Als je nog geen sensoren aangesloten hebt, selecteer je het menu Sensoren. De ROX 11.1 zoekt dan
automatisch naar alle beschikbare sensoren. Als er sensoren zijn gevonden, verschijnt er een lijst met alle
nieuw gevonden sensoren. Voor ANT+ -sensoren zie je de sensor-ID in de lijst, voor BLE sensoren
verschijnt de naam van de sensor en is er een BLE of ANT+ -markering in de lijstweergave om de sensoren
duidelijk te identificeren.
Je kunt het type sensor zien aan het symbool voor de ID of naam. De volgende symbolen
vertegenwoordigen de verschillende soorten sensoren:
Om een sensor aan de ROX 11.1 te koppelen, selecteer je de sensor in de lijst en druk je op de knop.

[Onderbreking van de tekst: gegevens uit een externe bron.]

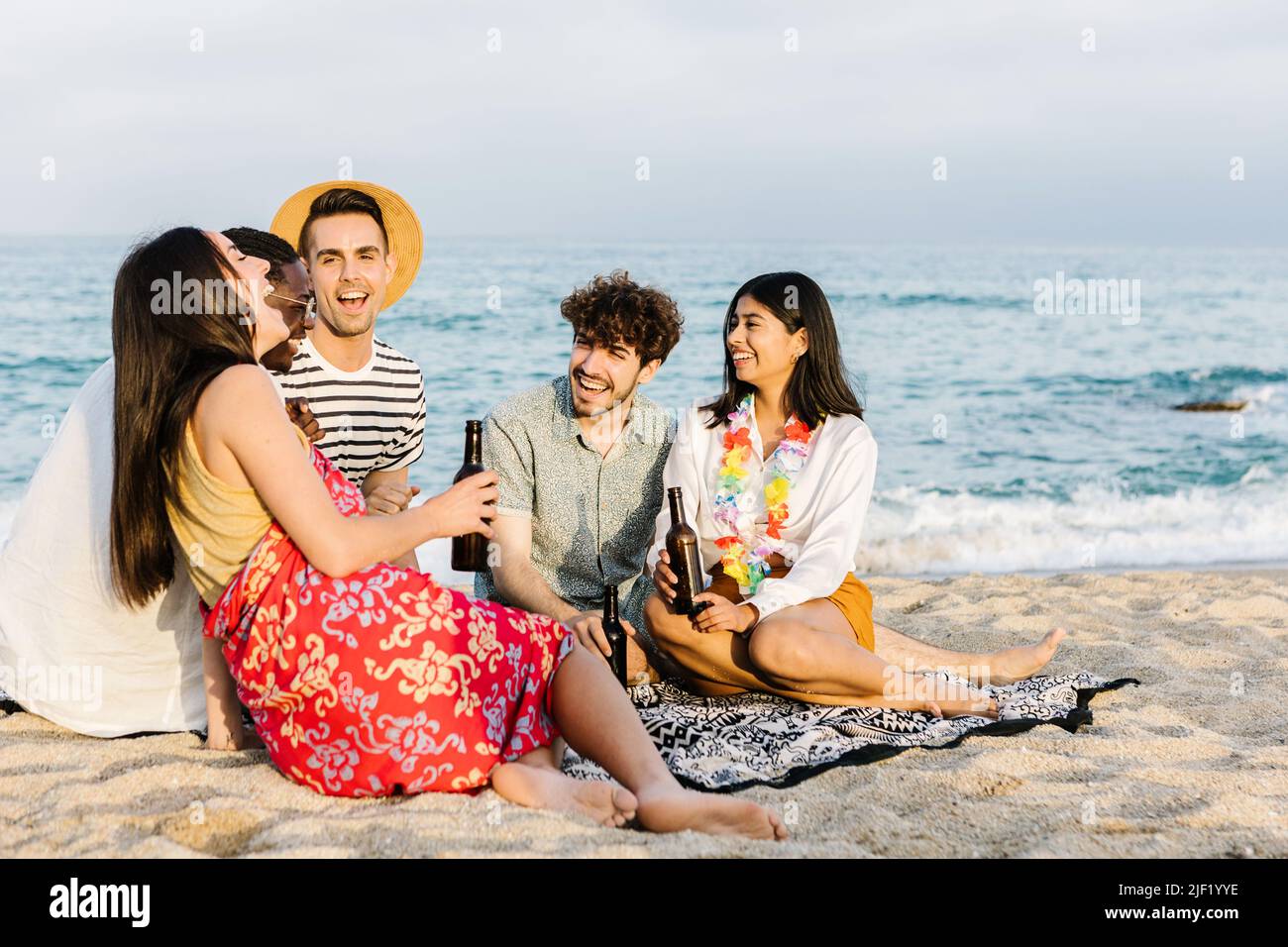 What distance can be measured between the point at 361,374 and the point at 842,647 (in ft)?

Het koppelen begint onmiddellijk en de sensor wordt gemarkeerd met een groen symbool als het koppelen
is gelukt. Als er een foutmelding wordt weergegeven, controleer dan de beschreven vereisten opnieuw.
Als je al sensoren verbonden hebt, kun je altijd nieuwe sensoren toevoegen en de bestaande sensoren
bekijken en beheren door Verbinding › Sensoren te selecteren.

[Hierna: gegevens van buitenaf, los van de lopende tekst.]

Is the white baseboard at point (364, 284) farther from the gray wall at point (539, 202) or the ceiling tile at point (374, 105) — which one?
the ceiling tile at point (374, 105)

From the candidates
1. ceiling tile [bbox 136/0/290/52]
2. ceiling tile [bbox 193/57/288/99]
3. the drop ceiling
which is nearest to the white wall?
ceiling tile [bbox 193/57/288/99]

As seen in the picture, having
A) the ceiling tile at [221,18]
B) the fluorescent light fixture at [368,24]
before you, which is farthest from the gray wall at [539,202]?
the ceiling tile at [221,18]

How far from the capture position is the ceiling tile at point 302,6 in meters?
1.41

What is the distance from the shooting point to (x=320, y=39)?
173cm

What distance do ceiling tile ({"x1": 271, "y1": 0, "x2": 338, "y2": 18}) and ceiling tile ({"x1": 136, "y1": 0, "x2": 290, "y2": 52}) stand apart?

Naast de batterijstatus van de sensor kun je de firmware versie zien (indien beschikbaar) en kun je de
koppeling met de sensor verwijderen door op de knop te drukken. Bij vermogensmeters heb je ook de
mogelijkheid om de vermogensmeter in te stellen of te kalibreren. Hoe je hier verder gaat, vind je in het
hoofdstuk
INSTELLEN EN KALIBREREN VAN DE VERMOGENSMETER
.
Tijdens de training kun je de verbindingsstatus met de sensoren bekijken via het snelmenu. Ook ontvang je
een kort bericht als er een sensor is aangesloten of de verbinding met een sensor is verbroken. Als een
sensor niet wordt gevonden, verschijnt na 5 minuten het symbool “- -” in plaats van de waarde (bijv. Watt).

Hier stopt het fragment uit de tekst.